Pls post here if you find a channel. I am also interested in that. I have (www.adplist.org)[www.adplist.org] but it’s more technical mentoring than anything else
Yes! We have a bunch of awesome coaches for people in your situation. Hit the form on our homepage and we'll get you set up. Or email me at sean@exec.com
I’ve worked with Mike at theattitudecoach.net. He’s not a career coach but he’s been very effective at helping me advance my career but helping me improve my functioning in all aspects of life.
We normally coach Unicorn Founders 1:1, however we have started a waiting list for a group founder coaching program. Would be on par with what you might pay for a therapist in NYC.
Affordable is a relative term. I agree absolutely on the returns of the investment. I had once 3 coaches during 1.5 months preparing me for a big interview. It was exhausting but it really brought me to the next level. One coach was for interview preparation in the language of the employer. The second was an insider colleague preparing me with feedback on my slides etc. The third was a generic coach using my mother tongue --- unrelated to my profession --- and we were working on communication, values etc. The third one gave me the impression coaches have a recipe of 5 or 6 sessions that they more or less apply to everyone.

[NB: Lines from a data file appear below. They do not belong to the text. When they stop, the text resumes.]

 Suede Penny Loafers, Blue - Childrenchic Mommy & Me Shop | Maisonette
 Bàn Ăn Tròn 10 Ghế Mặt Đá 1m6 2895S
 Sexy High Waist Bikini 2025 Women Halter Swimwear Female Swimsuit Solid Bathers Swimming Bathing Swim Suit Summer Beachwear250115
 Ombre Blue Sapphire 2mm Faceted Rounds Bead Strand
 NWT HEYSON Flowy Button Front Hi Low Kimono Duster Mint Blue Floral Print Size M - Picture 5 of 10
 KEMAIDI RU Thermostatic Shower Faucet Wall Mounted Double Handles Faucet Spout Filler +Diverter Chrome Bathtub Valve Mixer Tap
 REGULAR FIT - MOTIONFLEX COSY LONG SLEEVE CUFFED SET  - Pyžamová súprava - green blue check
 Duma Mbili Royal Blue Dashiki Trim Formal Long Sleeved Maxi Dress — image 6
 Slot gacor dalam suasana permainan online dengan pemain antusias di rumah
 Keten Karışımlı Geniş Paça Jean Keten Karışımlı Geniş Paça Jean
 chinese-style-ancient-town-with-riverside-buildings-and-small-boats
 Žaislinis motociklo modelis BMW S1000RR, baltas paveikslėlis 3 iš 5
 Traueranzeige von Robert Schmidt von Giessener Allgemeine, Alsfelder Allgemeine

This thread and your comment made me look into BetterUp. I've been both drawn to and skeptical of this kind of coaching in the past, thinking of coaches as a lower-entry-bar version of therapists. I guess I questioned how a coach would be worth the money as compared to a mental health professional with proper training and deeper knowledge about the brain and the mind. Anyway, I noticed there was a free intro session and thought I'd try it. One of the coaches recommended to me has a background as a therapist, which helped alleviate my whole "Who are these people even and what makes them qualified for this?" skepticism a little. The session was actually really great aside from truly horrible video quality. As a newbie to this kind of thing, the price still seems pretty steep for talking to someone for 30 minutes, but at least judging by this intro session I'm really tempted to just try it for a few months.
Did Bill Gates need a coach? Did Steve Jobs? No, they just got on with it, and learned through a trial by fire. That's the best way - don't be scammed by people who offer the secrets of success, because there aren't any. Just try and try again until you win.
80% of the value for me has come from identifying hidden sources of fear and working through plans to overcome them. I'm naturally risk-averse and really had no real understanding of how much I was letting my own self-limiting belief system hold me back. A good coach can help you identify ways in which you're inadvertently sabotaging your own progress and help you to overcome them.
The other primary benefit (the remaining 20%) has come from having a completely new and fresh perspective on problem-solving. I can easily say that I've had more directly actionable "Aha" moments in the last three years of coaching than I had over the previous 20+ years of my career. For every "unique" problem you think you have, a good coach or counselor has probably seen some variation of it dozens of times and can probably offer you a half dozen useful ways of tackling the problem. It's the same thing that something like YC does for startups, but applied to you on an individual level.
The major caveat of course is that good coaches are often hard to find and you might have to search a bit to find one that works well for your specific needs. YMMV and all that.